As for the Russian flag carrier, Aeroflot alone will now lose an average of about 1m passengers, or US$550m in seat revenue, per month, EIU considers, judging by the airline 2021 results.

“Russia will also lose the heavy fees—some of the highest in the world—that it charged foreign airlines for their use of Russian airspace. Other airlines will suffer too; as at April 4th OAG reckoned that about 28m seats had been removed from flight schedules for the next three months—a drop of 2% year on year. However, although some of those cuts were in response to the sanctions, the main reason was the persistent covid travel restrictions in Asia. The pandemic remains a far bigger issue for the global airline industry than the war in Ukraine.”

High commodity prices will weigh on tourism
Another issue facing airlines is the cost of fuel, which has been pushed even higher by the sanctions
against Russia, EIU states.

“Fuel accounts for 20-30% of airline costs, and jet fuel prices are now more than 80% higher than a year ago, according to the International Air Transport Association (IATA). Insurance costs have risen sharply, too. These additional costs will be a heavy burden given airlines’ fragile finances. Even before the war, IATA expected its 290 member airlines to suffer a combined net loss of US$11.6bn in 2022, after losing about US$190bn in 2020-21.
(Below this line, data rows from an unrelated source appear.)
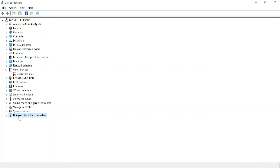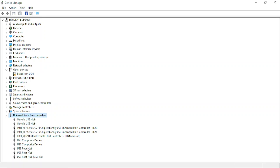Whatever root hub is written there, like I have three root hub entries here: USB root hub, USB root hub, and USB root hub 3.0.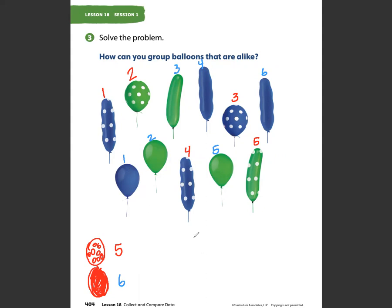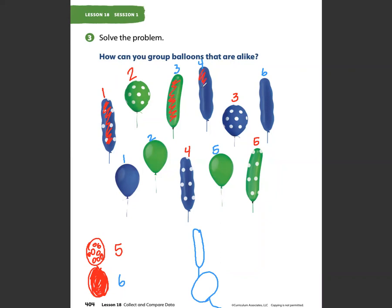If you see another way, maybe you want to sort by long skinny balloons and fat balloons. This time I'm going to count the long skinny balloons: one, two, three, four, five, six — there are six long skinny balloons. How many fat balloons do we see? One, two, three, four, five.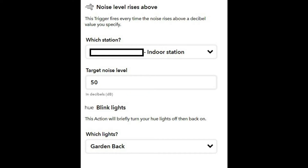Applet number one is a little applet that tells us when our baby is crying and we happen to be out of earshot of the baby monitor. As you can see here, when the Netatmo module — the little indoor station that sits in a room — reaches a noise level of 50 decibels, the Hue lights blink in our back garden. That means if we're sitting out relaxing in the evening, we can still know if our little baby is crying and go check she's okay.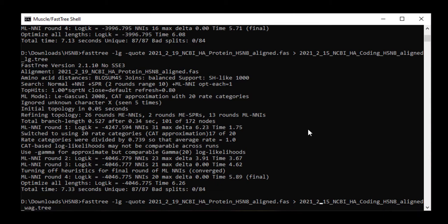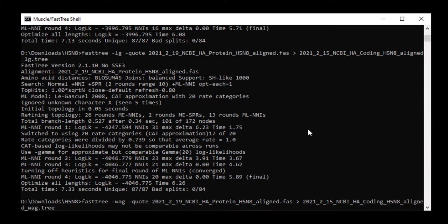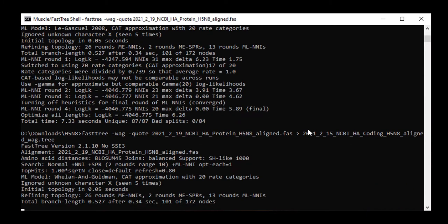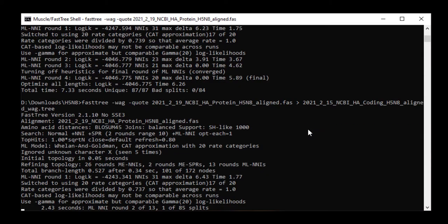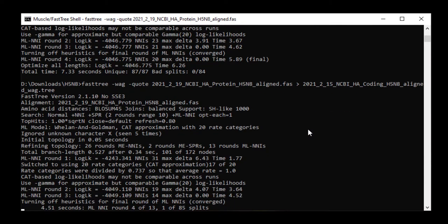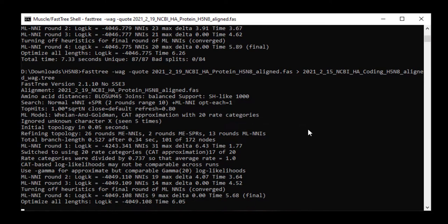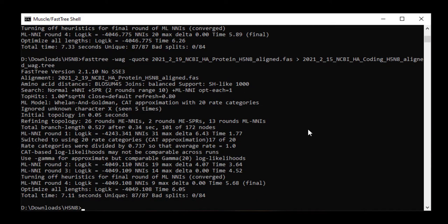I then repeated the process for the -wag tree and note that I saved all of the trees with different file names so that I can compare them later. So I added lg and wag to the file names so that I know which of the different models I use to make each of the different trees.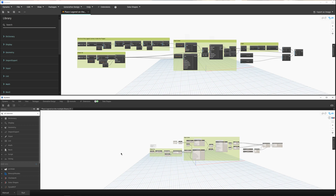Hello everyone, welcome to this new video. This time we are again upgrading and at the same time simplifying previous scripts. Today we will talk about the legend on multiple sheets script.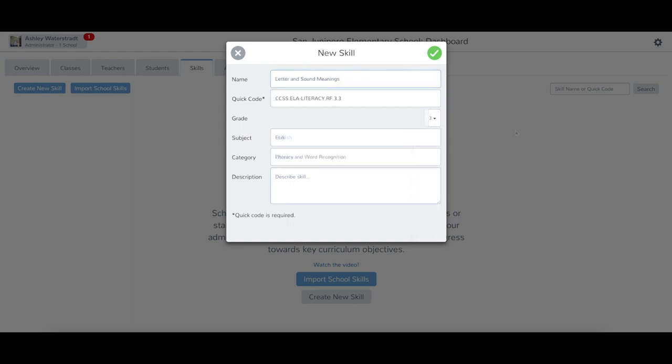Name, Subject, Category, and Description are all optional fields. However, they are very helpful when teachers are searching through activities.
The report also explains that food prices are also heading higher as a result of the Russia-Ukraine war. “This will have a direct impact on hotels and restaurants, which will have to pass costs on to customers. Moreover, consumers themselves are struggling with the rise in commodity prices and overall inflation, with wages failing to keep pace. People are keen to eat out and travel again, after two years of restrictions, but price rises will inevitably dent demand for outings and holidays.
Even so, with price rises buoying spending in nominal terms, we still expect Europe’s consumer
spending on hotels and restaurants to rise by 8% to US$912bn, close to pre-pandemic levels. The same is not true in Russia, where Western restaurant chains such as McDonald’s (US) have ceased operations. We expect spending at hotels and restaurants to decline even in rouble terms this year, and to plummet in US dollar terms. This is just part of the heavy economic price that Russia—and, to a lesser extent, the rest of Europe—will pay as the war rages on.”